Sua rotina inclui, além das aulas, reuniões de teor militar, fiscalização de concursos e sindicâncias e a coordenação do trabalho de sete subordinados diretos, três militares e quatro civis.

Rotina atípica
Major Ana Mara sai da Vila Militar, no bairro São Francisco, região da Pampulha, e vai ao quartel, logo ao lado, às 6h40, diariamente. Deixa a única filha, Júlia Helena, de 9 anos, com a mãe e só volta a vê-la na hora do almoço. O expediente termina às 16h – descontando eventuais plantões de fim de semana e feriado, que duram mais, além de trabalhos noturnos.



A rotina “atípica” balançou a major quando ela teve Júlia, a filha que prefere ser diplomata a militar. “Quando ela nasceu, fiquei preocupada em como conciliar a carreira com a maternidade”. Por causa da criança, que tem na mãe uma referência e é extremamente carinhosa, ela recusou convites para participar de algumas missões no exterior.

Mas chegou a fazer parte, por seis meses, da Missão do Exército Brasileiro no Haiti, entre 2008 e 2009. A filha, que tinha quatro anos, ficou aos cuidados da mãe, a pensionista Nise Helena Nepomuceno, de 68 anos. “O apoio da minha mãe foi fundamental”, pede a major. “Tenho que homenageá-la.”

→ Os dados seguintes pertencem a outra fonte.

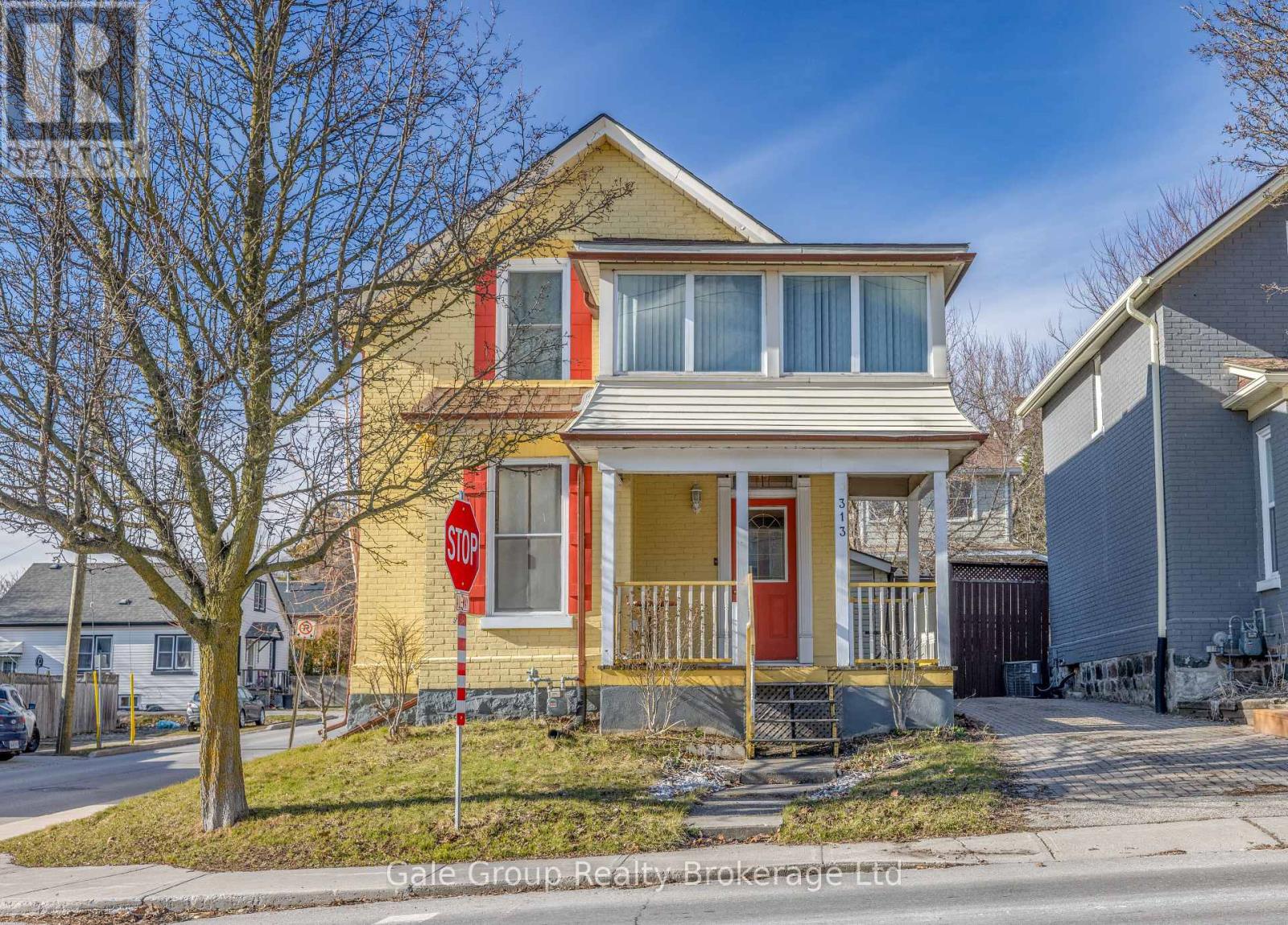 313 SIMCOE STREET - 1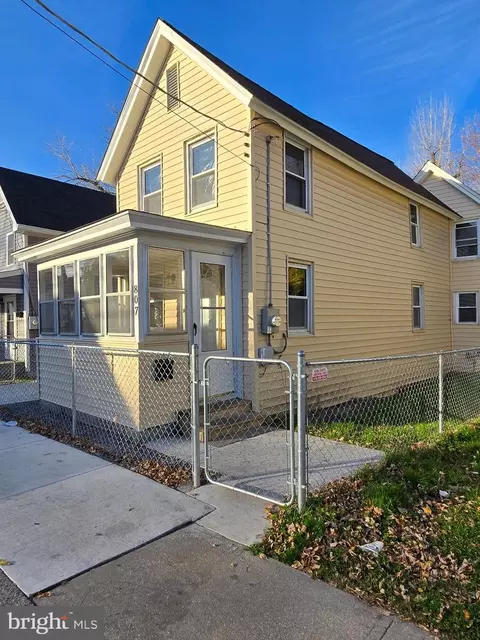 807 Pine St, Cambridge, MD 21613 photo 1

A experiência no Haiti foi a “mais enriquecedora” de sua vida. Ela mostra com orgulho o distintivo pregado na farda, mostrando que ela esteve lá – e foi uma das primeiras mulheres a chegar. “Aprendi muito com as dificuldades, a miséria alheia, passamos a dar mais valor à vida, ao conforto.” Ela serviu de intérprete da missão, participando de reuniões de planejamento entre os exércitos de mais de dez nacionalidades que atuavam no país. E teve que viver 24 horas por dia em um batalhão com 1.300 homens e apenas seis mulheres.

Apesar de ser parte da minoria feminina nas Forças Armadas, a major diz que nunca sofreu assédio. “Fui apenas cortejada, com certa discrição”. Preconceito existe, diz ela, mas não é ostensivo. “Ficam mais inseguros quando estou no comando. Em alguns momentos eu precisei provar que sou capaz.” Talvez por isso ela seja campeã de tiro entre as mulheres, embora tenha optado por não ter arma de fogo.

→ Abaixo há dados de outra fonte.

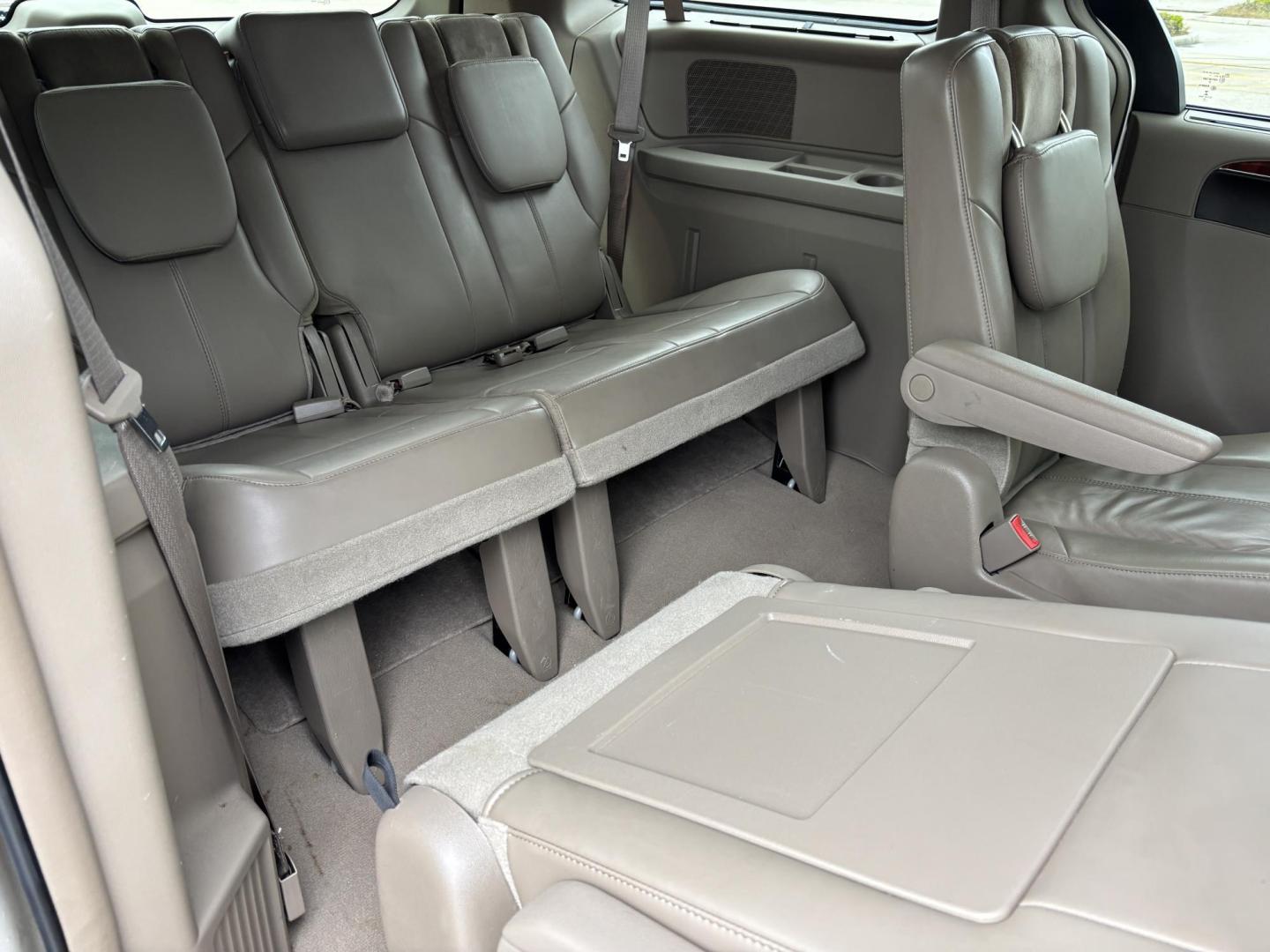 2013 GOLD /Beige Chrysler Town & Country Limited (2C4RC1GG6DR) with an 3.6L V6 DOHC 24V engine, 6-Speed Automatic transmission, located at 11170 Summerlin Square Dr., Fort Myers Beach, FL, 33931, (239) 999-7777, 26.493546, -81.941628 - 3rd Row Sunroof Heated Seats Stow and Go Seats - Photo#15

‘Batom é moral da tropa feminina’
Como todo mundo, é obrigada a usar farda diariamente, faça frio ou calor. Em uma Belo Horizonte com sensação térmica beirando os 40ºC, ela deu entrevista com o coturno, a calça, camiseta e blusa de combate (de manga comprida, dobrada) em tecido camuflado e a boina, obrigatória em locais abertos. Quando dá aula, ainda precisa pôr um jaleco branco sobre a farda. O cabelo é sempre preso.

Mas também não abre mão da vaidade: lápis no olho, batom (“Não sobrevivo sem um batom”), esmalte rendinha e um brinco dourado, que “não pode passar do lóbulo da orelha”.

Os 68 quilos em 1,70 metro de altura são mantidos pelos exercícios diários: 60 abdominais, 25 flexões e corrida – 2,5 quilômetros têm que ser cumpridos em 12 minutos nos testes físicos rotineiros.

Foi assim, correndo entre as salas de aula e o trabalho militar, o divórcio e o cuidado com a filha, e entre uma missão importante no Haiti e preconceitos corriqueiros em Belo Horizonte, que Ana Mara chegou a sua promoção aos 42 anos, sua “conquista pessoal”.

A filha Júlia Helena, que entregou uma orquídea para a mãe na solenidade de entrega do distintivo, não esconde a expectativa: “Minha mãe também vai ser a primeira tenente-coronel mulher, daqui a pouco”, antevê.

Em mais cinco anos, a futura diplomata vai poder conferir a previsão.